No. 14 Texas Tech faced a much tougher test to reach the Big 12 tournament final than No. 6 Kansas did.
The third-seeded Red Raiders (25-8) and the top-seeded Jayhawks (27-6) will meet for the championship Saturday evening in Kansas City, Mo.
Texas Tech survived a scare against Oklahoma in the semifinals on Friday, pulling out a 56-55 victory. Earlier Friday, Kansas cruised past TCU 75-62.
The Red Raiders and Jayhawks split the regular-season series, with each team winning at home. Texas Tech prevailed 75-67 in Lubbock on Jan. 8, while Kansas’ 94-91 double-overtime victory in Lawrence on Jan. 24 was one of the best games of the Big 12 season.
The rubber match will be for the conference’s automatic berth in the NCAA Tournament, though both teams seemingly are locks for top-four seeds.
“We have respect for KU,” Texas Tech coach Mark Adams said Friday night. “Those guys are going to be tough. We battled them. We beat them at our house and took them to overtime there.
“They’re one of the best-coached teams in the country. They’re playing the best they played all year, at peak performance. We will have a little bit of time to get ready, but I promise you we will be ready to go (Saturday).”
Texas Tech almost didn’t have a chance to face Kansas.
With the Red Raiders up by two, Oklahoma’s Jacob Groves hit the first of two free throws with 7.5 seconds left but missed the second, and the ball bounced into the backcourt. The Sooners retrieved it, but Umoja Gibson was called for traveling as he headed toward the basket at the buzzer.
“It was an ugly game and OU had a lot to do with it,” Adams said. “But at the end of the day, our guys pulled it out. They believed in each other and fought hard.”
While Texas Tech had to play a highly stressful late game, Kansas had little trouble with TCU in the early game.
The Jayhawks led 44-30 at halftime and never saw the lead dip below eight points in the second half. The fans got to enjoy Mitch Lightfoot’s first career 3-pointer and a spectacular dunk from Ochai Agbaji without much pressure.
“I thought we played pretty well, consistently, the whole night,” Kansas coach Bill Self said. “(We) traded baskets to start and played well from the 12-minute mark to the four-minute mark and got a cushion.
“I thought our defense was the best it’s been in a while. We didn’t rebound the ball terrific, but we got by with it tonight.”

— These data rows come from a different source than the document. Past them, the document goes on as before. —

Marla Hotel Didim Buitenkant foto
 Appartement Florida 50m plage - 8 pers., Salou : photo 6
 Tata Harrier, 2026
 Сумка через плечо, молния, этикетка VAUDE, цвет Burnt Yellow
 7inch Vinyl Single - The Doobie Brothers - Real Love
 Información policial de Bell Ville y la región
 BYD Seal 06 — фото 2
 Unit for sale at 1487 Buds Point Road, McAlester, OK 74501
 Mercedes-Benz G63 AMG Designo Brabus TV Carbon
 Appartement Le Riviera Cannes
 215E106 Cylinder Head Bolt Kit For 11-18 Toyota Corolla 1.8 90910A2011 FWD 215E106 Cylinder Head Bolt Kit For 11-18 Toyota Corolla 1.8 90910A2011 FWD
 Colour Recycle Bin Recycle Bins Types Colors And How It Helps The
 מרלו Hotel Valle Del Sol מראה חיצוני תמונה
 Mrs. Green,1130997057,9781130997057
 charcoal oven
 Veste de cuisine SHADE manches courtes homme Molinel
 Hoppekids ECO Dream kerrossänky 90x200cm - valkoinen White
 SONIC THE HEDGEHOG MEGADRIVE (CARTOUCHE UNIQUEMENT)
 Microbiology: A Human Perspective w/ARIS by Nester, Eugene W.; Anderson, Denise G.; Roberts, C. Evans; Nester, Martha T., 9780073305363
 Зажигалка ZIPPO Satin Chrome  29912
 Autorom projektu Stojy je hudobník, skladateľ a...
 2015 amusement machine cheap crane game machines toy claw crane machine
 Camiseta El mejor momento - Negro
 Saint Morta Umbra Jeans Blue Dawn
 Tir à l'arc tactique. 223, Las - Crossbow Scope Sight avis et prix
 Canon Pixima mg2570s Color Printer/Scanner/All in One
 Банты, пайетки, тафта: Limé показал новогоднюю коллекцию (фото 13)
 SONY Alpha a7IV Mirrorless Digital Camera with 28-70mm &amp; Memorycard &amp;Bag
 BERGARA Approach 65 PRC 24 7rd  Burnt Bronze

The Kansas players were all smiles after a game in which Agbaji scored 22 points, Lightfoot had 15 and Remy Martin added 10.
Agbaji said of Lightfoot’s 3-pointer, “It’s one of those things where you see him shoot it. He kind of shot it without thinking about it. I think that was better for him to do it that way. It’s just one of those things. You’re like … just give him a pat on the butt. It was a great play.”
Now the Jayhawks will have to get serious as they face one of the best defenses in the conference, if not the country. Texas Tech ranks among the national leaders by allowing opponents just 59.9 points per game.
The winner of the rubber match will be able to cut down the nets before heading to the Big Dance.
“It would mean a lot for not only me but the program and Coach Self,” Agbaji said. “We’re focused and locked in on getting one (Saturday).”